“An artist is not paid for his labor, but for his vision.” ~James Abbott McNeill Whistler

James Whistler was an American artist who lived in the latter half of the 19th century. He is best known for his paintings and etchings, which often depicted urban landscapes. His work was very influential to the development of modern art, and he is considered one of the most important artists of his time.

Whistler was born in Massachusetts on July 10, 1834.  He was a troubled child, but his parents soon learned that art and drawing helped him focus, and so they fostered the talent. 

Arrangement in Grey and Black No. 1
Whistler’s Mother

His father was a railroad engineer, thus the family moved around often due to his work, and when James was eight years old, they moved to Russia. James took private art lessons until he was eleven, after which he joined the Imperial Academy of Arts. Sadly, his father later died of an illness, after which James’ mother and the rest of his family moved back to the states. 

Self Portrait

James attempted to work as a mapmaker for the US military, but found the job boring and eventually left. In 1855, he moved to France to further his art studies, but he adopted a bohemian lifestyle and wasted a great deal of time and money. It wasn’t until he was exposed to Realism that he truly found his footing as an artist. 

Symphony in White, No. 1 –
The White Girl

His work began to gain recognition in the early 1860’s. He exhibited his paintings at the Salon and he won several awards. His most famous painting, “Arrangement in Grey and Black No. 1,” is a portrait of his own mother. It was completed in 1871 and is commonly known as “Whistler’s Mother.” The painting was met with mixed reviews, but it solidified Whistler’s reputation as an important artist.

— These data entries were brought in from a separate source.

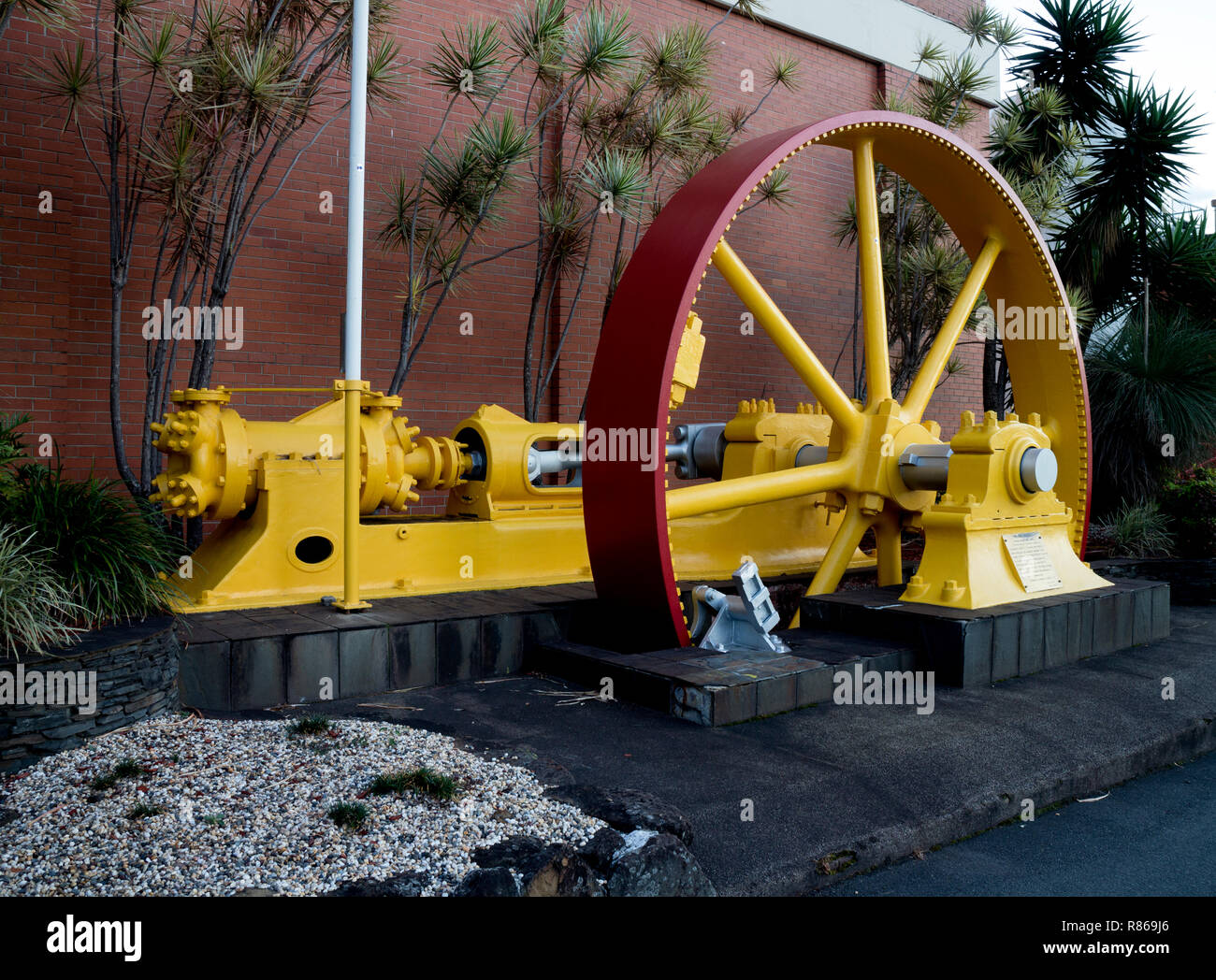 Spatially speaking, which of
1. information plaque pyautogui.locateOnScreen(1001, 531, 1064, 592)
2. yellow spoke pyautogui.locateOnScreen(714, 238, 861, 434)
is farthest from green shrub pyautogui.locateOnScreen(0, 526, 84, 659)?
information plaque pyautogui.locateOnScreen(1001, 531, 1064, 592)

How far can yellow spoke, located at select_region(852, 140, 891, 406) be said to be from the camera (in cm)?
547

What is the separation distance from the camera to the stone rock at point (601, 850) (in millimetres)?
2246

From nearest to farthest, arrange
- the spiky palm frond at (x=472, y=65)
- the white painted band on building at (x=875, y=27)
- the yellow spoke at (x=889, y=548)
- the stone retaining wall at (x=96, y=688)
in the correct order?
the stone retaining wall at (x=96, y=688) < the yellow spoke at (x=889, y=548) < the spiky palm frond at (x=472, y=65) < the white painted band on building at (x=875, y=27)

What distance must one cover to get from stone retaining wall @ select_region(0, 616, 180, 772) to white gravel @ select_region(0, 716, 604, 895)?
2.7 inches

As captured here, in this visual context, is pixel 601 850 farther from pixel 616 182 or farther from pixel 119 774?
pixel 616 182

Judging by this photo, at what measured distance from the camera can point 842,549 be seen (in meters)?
5.43

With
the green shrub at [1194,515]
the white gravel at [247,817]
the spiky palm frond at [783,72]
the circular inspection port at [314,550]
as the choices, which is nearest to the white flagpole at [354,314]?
the circular inspection port at [314,550]

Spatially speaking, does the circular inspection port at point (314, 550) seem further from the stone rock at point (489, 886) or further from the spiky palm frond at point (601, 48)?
the spiky palm frond at point (601, 48)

Nocturne – Blue and Gold – Old Battersea Bridge

Whistler eventually settled in London, where he continued to produce paintings, etchings, and sculptures throughout his career and also became involved in the Aesthetic Movement, and advocated for art to be enjoyed for its beauty rather than its political or social meaning. In 1878, he published a treatise on the subject titled “The Gentle Art of Making Enemies.”

Nocturne in Black and Gold – The Falling Rocket

Unfortunately his artistic career was cut short by financial troubles, and he was forced to declare bankruptcy in 1879. He continued to live in England, but he spent much of his time traveling. He became friends with Oscar Wilde in the 1880s, and the two men often attended social gatherings together.

Mother of Pearl and Silver –
The Andalusian

Whistler married Beatrix Godwin in 1888, but after only five years she was struck with illness and eventually died. Whistler followed her soon after, dying in 1903 at the age of 59. His funeral was held at Westminster Abbey, and he was buried in London’s Brookwood Cemetery.

The Princess from the Land of Porcelain

Throughout his career, Whistler was often in conflict with the art establishment. He was a controversial figure, and his work was both praised and criticized by his contemporaries. However, he is now considered to be one of the most important artists of the 19th century, especially with the way he composed light and color.